According to chess rules, the (undirected) graph generated from the Knight move on a keypad is the following:

$$ \begin{array}{ccccc} 3 & - & 4 & - & 9 \\ | & & | & & | \\ 8 & & 0 & & 2 \\ | & & | & & | \\ 1 & - & 6 & - & 7 \end{array} $$

The question is:

Consider the uniform distribution on all $n+1$-sequences $(s_i)_{i=0}^n$ starting with $s_0=0$. What is the expected value and the standard deviation of $\sum_{i=1}^n s_i \bmod n$, under this distribution on sequences?

My naive approach is simply traverse every single sequence of fixed given length and do the calculation. But as the $n$ grows, the number of visits grows exponentially. For example, for $n=1024$, the number of sequences exceeds $6.04\times 10^{367}$. Hence a DFS or any kind of traverse is not a feasible approach.

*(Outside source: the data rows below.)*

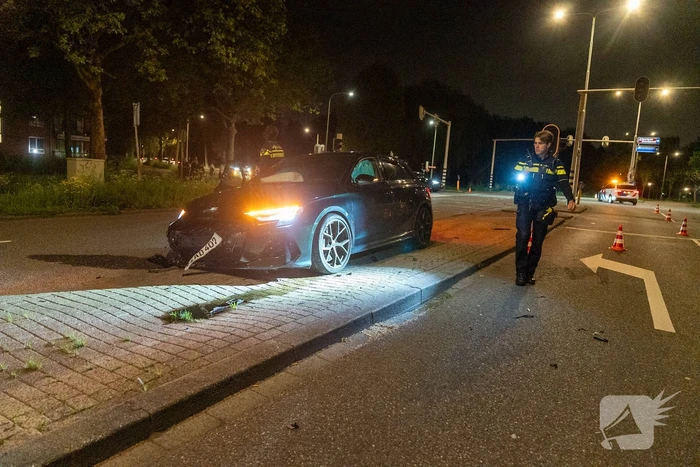 Auto schept een scooter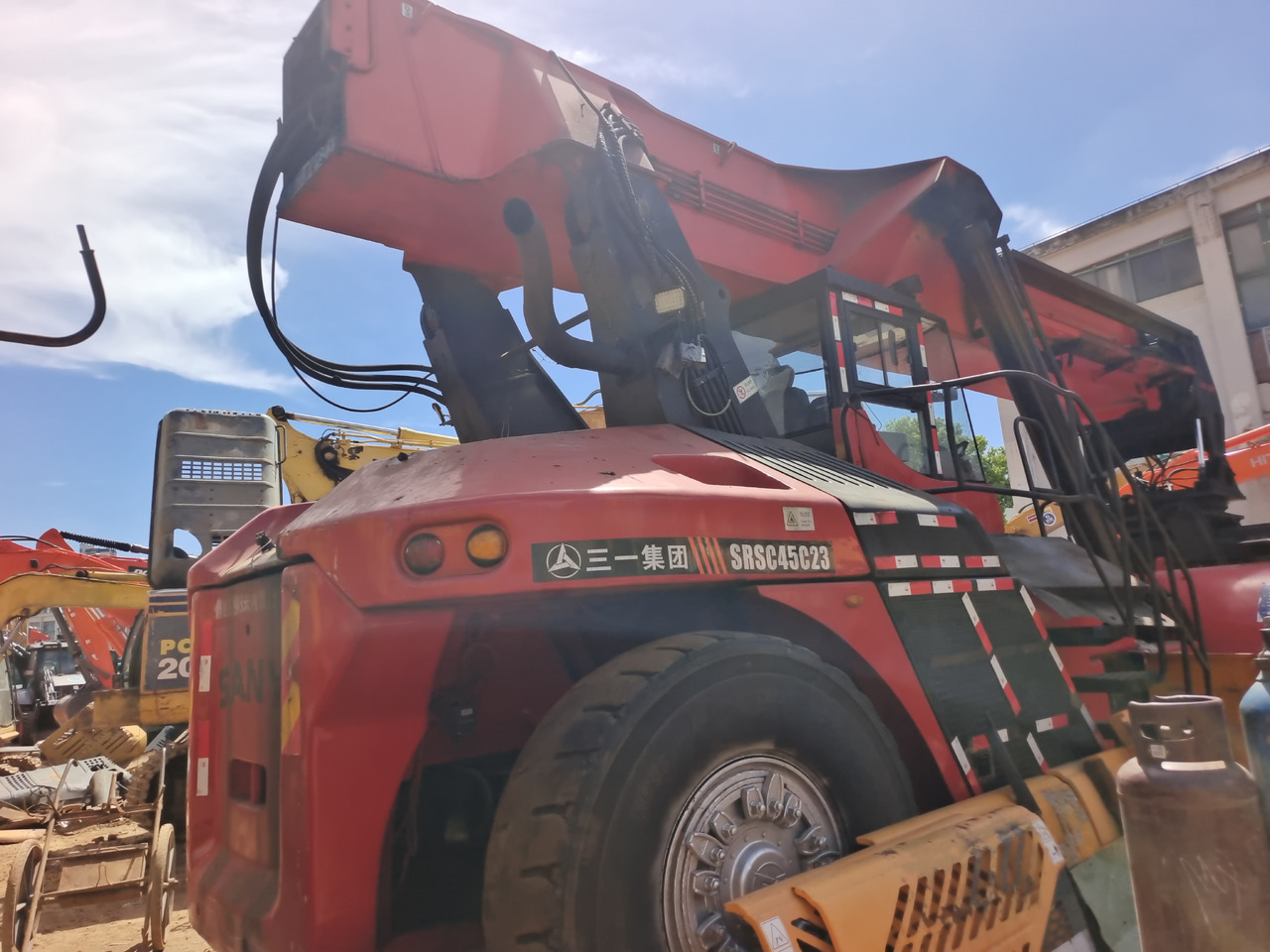 Reach stacker SANY SRSC45C23 45 TON: foto 6 Reach stacker SANY SRSC45C23 45 TON: foto 6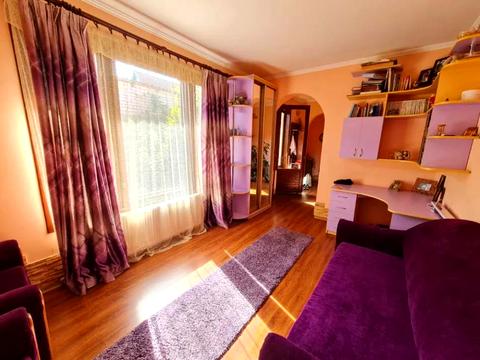 дом по адресу 1-я линия ул.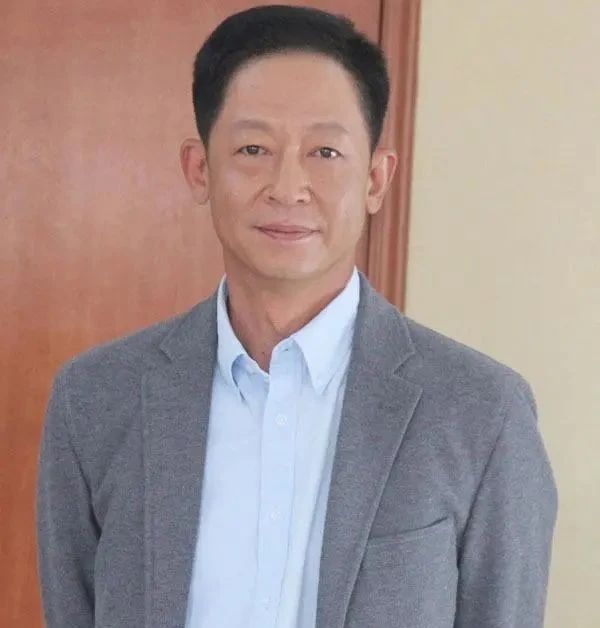 叛逆者@王志文硬笔楷书老辣持重,有文征明神韵,行书行云流水,洒脱飘逸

So my second thought is using some analytic method. To get a few ideas, I first did some simulations on $\sum s_i$ (without modular reduction) with $10^5$ trials. The program generates the following distribution which doesn't match any obvious candidate so I couldn't advance further. So I am thinking if this is the correct way to tackle this problem. Any hint or help is appreciated.


Asked By : Kaa1el

Answered By : Yuval Filmus

You can compute the exact distribution of $\sum_{i=1}^n s_i$ using dynamic programming: for each vertex $v$, index $m \in \{0,\ldots,n\}$ and index $S \in \{0,\ldots,9m\}$, calculate the number of walks of length $m$ starting at $0$, ending at $v$, and summing to $S$. The running time is roughly $O(n^3)$ (the extra $n$ factor is due to the length of the numbers involved).

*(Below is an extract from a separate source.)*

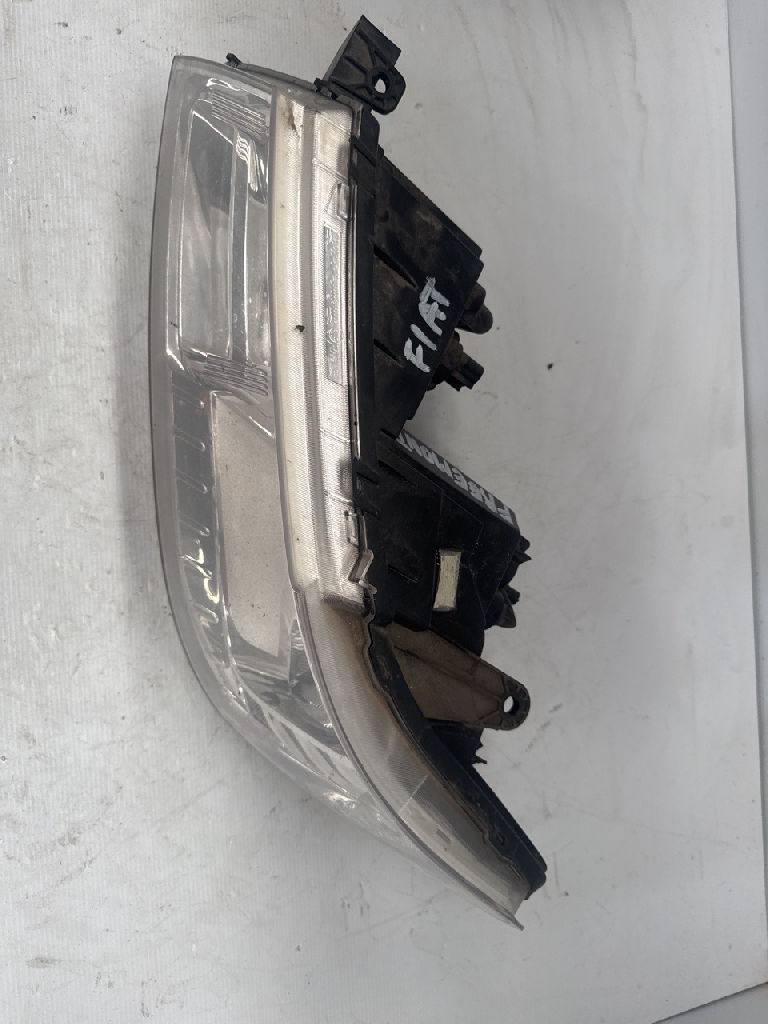Lh Head Light photo 2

If you want an estimate, you should first find the stationary distribution of the Markov chain corresponding to a random walk on your graph. Given that, $\sum_{i=1}^n s_i$ has roughly Gaussian distribution with parameters that you can calculate from the stationary distribution; more specifically, roughly $N(n\mu, n\sigma^2)$ (this requires a version of the central limit theorem for Markov chains). This Gaussian approximation shows that the sum lies inside the interval of width $n$ centered around $n\mu$ with high probability, so taking modulo $n$ doesn't have much effect beyond shifting this interval to $\{0,\ldots,n-1\}$.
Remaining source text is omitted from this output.